*** Data ***
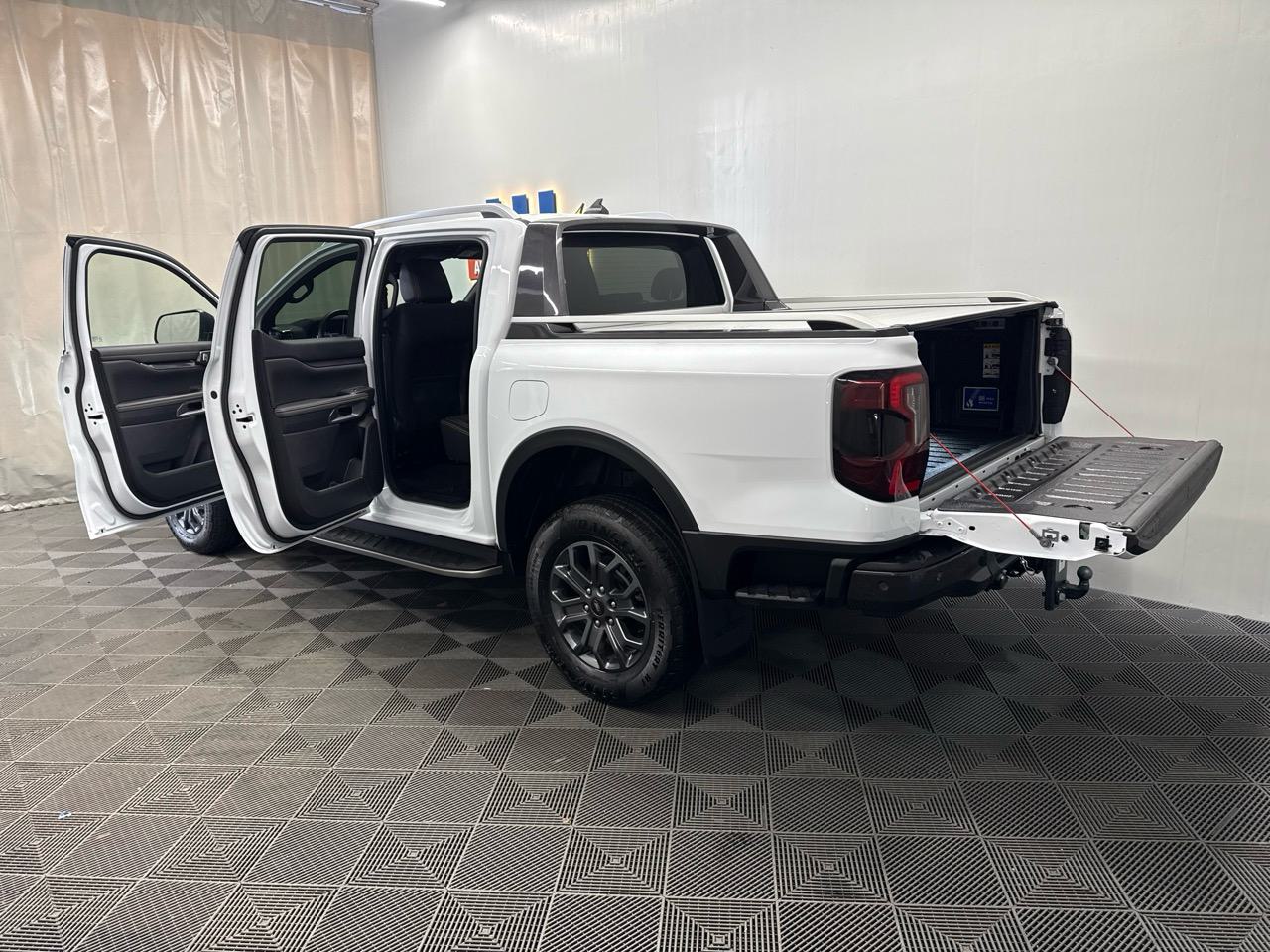 FORD Ranger Wildtrak 3.0 Eco Blue e-4WD Automat-image-11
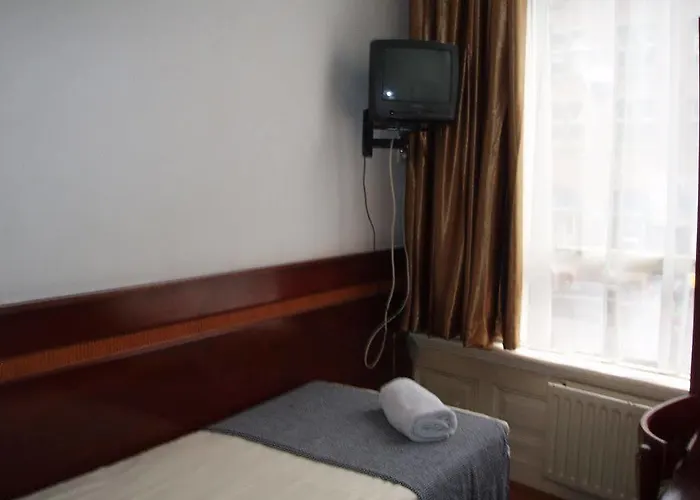 マノファ 2* アムステルダム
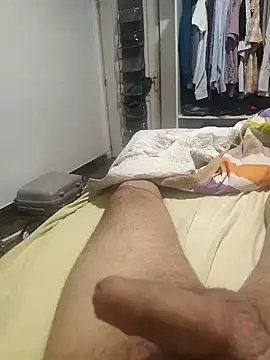 Snapshot of Canario33 chatting on 11/18/25, 06:34 Canario33 online show from 11/18/25, 06:34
*** End of Data ***
■ **Exercise**
Reproduce word for word the lines from the one containing "マノファ 2* アムステルダム" through the end of the data, both ends kept. Drop the pictures.

■ **Result of this task**
 マノファ 2* アムステルダム
 Snapshot of Canario33 chatting on 11/18/25, 06:34 Canario33 online show from 11/18/25, 06:34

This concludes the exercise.